The async book mentions:
This model of Futures allows for composing together multiple asynchronous operations without needing intermediate allocations.
I am not sure I understand what intermediate allocations this refers to. Can someone please shed some light on this, and if possible share an example alternative model for comparison to show how Rust's model avoid allocations.
In a model like JavaScript Promises, every Promise can be used independently, so every Promise exists as a separate object. async/await syntax is only a sugar on top of Promise, so it behaves the same.
some_promise() // allocates a Promise object
.then(() => {}) // allocates *another* Promise object to return
.catch(() => {}) // allocates a *third* Promise object to return
Each Promise has to exists on its own, because a user could do something like:
let tmp = some_promise();
tmp.then(one);
tmp.then(two);
tmp.then(three);
return tmp;
So each Promise not only needs to exist as an object, but also needs to keep track for an array of possible callbacks listening on it.
In Rust however, Future has a single owner, so this won't compile:
let tmp = some_future();
tmp.then(one); // this is fine so far, but
tmp.then(two); // ERROR, tmp used after a move
When each Future has only a single owner, it doesn't need to support an arbitrary number of callback listeners.
And then because it has a single owner, it can be merged with its owner. So as you build .then().then().then() chain, instead of creating additional Future objects at each step, you're just wrapping one Future object in more steps it handles. All of this is known statically, so it doesn't require dynamic allocation (at least not until you use recursion).

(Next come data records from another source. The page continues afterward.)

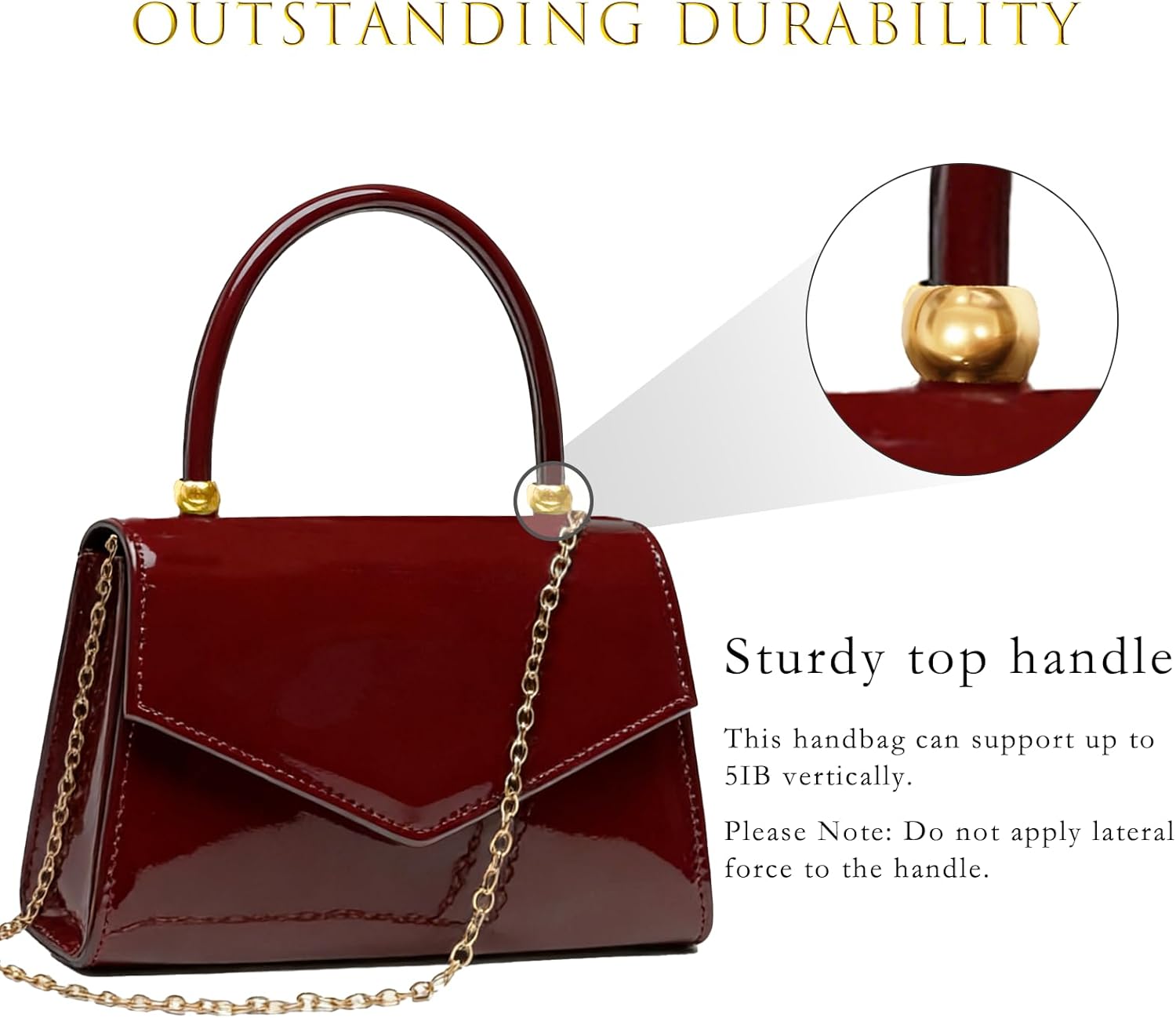 Evening Patent Leather Handbag Purse Formal Women's Clutch Bag Top Handle for Wedding Party Prom Cocktail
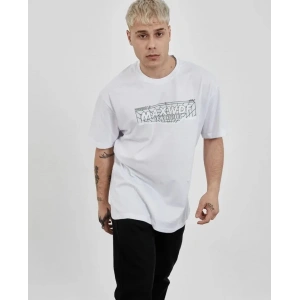 Unisex Bisiklet Yaka Baskılı Oversize T-Shirt - Beyaz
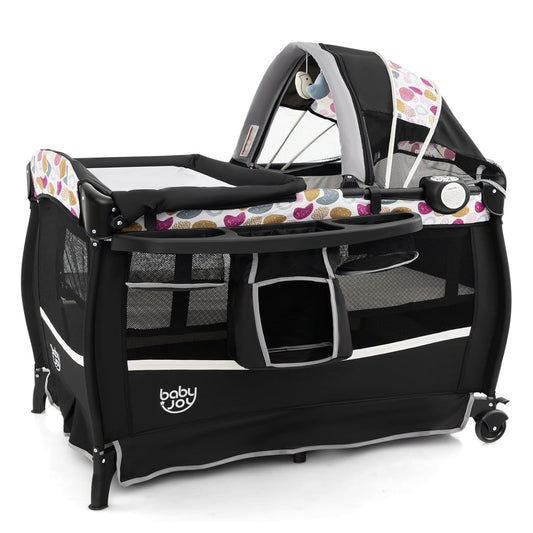 BABY JOY 4 in 1 Pack and Play, Portable Baby Playard with Bassinet & Flip-Away Changing Table, Canopy, Portable Bedside Crib with Storage Basket, Oxford Bag, Infant Bassinet from Newborn to Toddlers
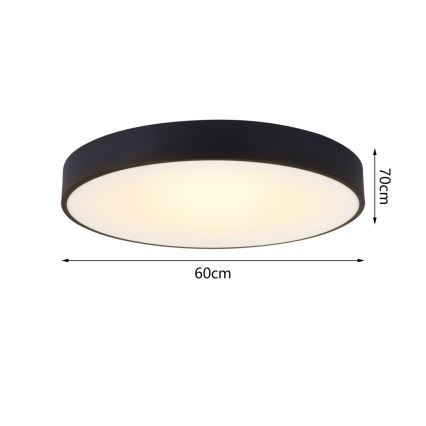 Immax NEO 07202L - LED Pritemdomas lubinis šviestuvas RONDATE LED/53W/230V juoda Tuya + nuotolinio valdymo pultas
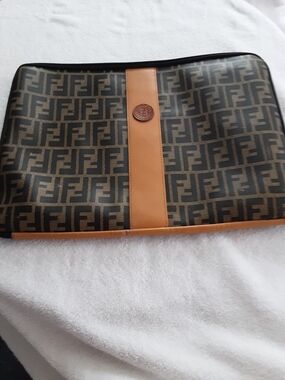Fendi Brown Monogram Laptop Sleeve with Tan Leather Trim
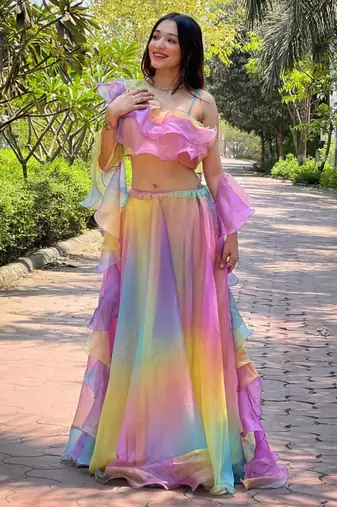 multicolor organza printed lehenga choli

Thanks for sharing. This makes sense, and I can see how a single owner is helpful in rust. Though the possibility of calling multiple then on a future didn't occur to me so I didn't realize that this is also a difference here. I think that the snippet in the question was referring to the poll based approach:
So I was mostly confused about how the poll is reducing allocations. We could have had a callback-based mechanism, while still enforcing a single owner similar to what you mentioned. I found the explanation in the blog shared by @mbrubeck:
The issue with callback was that in practice it ended up needing an allocation for each closure during future composition. The blog post goes into more detail.